▸ **PROBLEM TO WORK ON**: Return all the data exactly, keeping the pictures out.
————
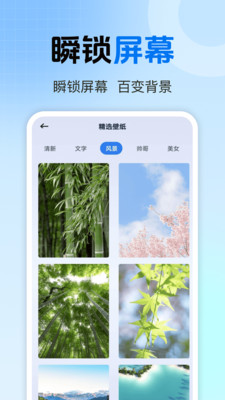 一键锁屏指令图4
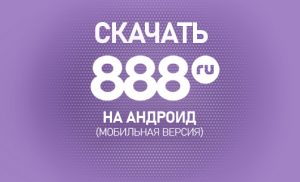 888 на адроид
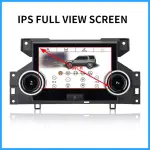 Сенсорная панель климата Land Rover Discovery 4 2010-2016 - LCD / ЖК экран 7", без отверстия под CD
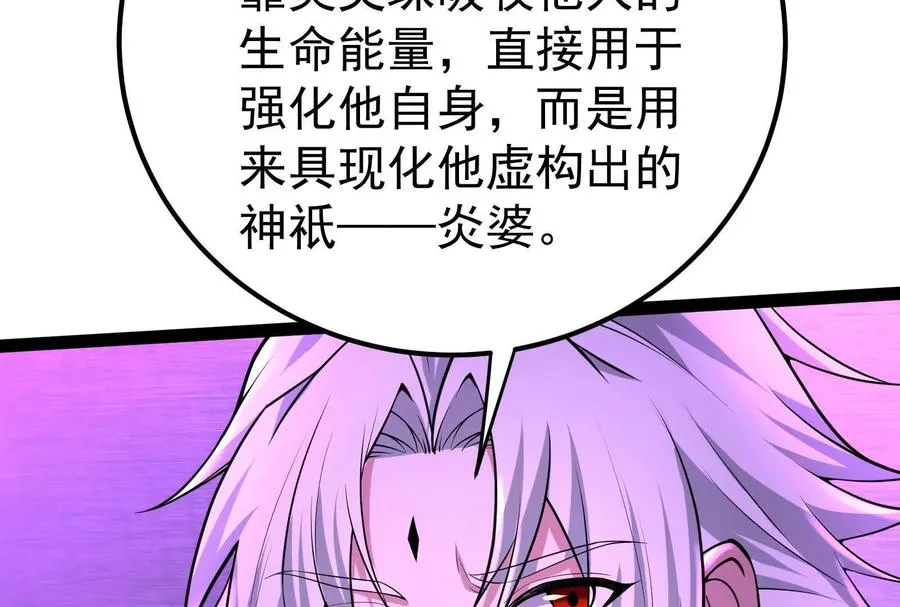 第52话 职业级装神弄鬼29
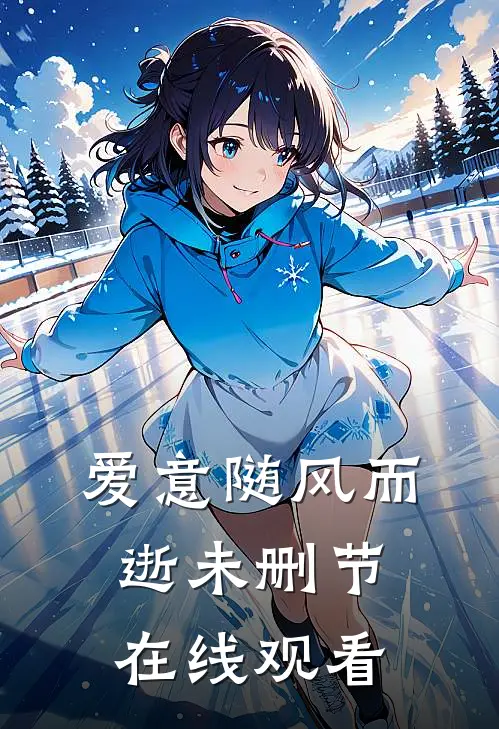 爱意随风而逝未删节在线观看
————
▸ **COMPLETED EXERCISE**:
 一键锁屏指令图4
 888 на адроид
 Сенсорная панель климата Land Rover Discovery 4 2010-2016 - LCD / ЖК экран 7", без отверстия под CD
 第52话 职业级装神弄鬼29
 爱意随风而逝未删节在线观看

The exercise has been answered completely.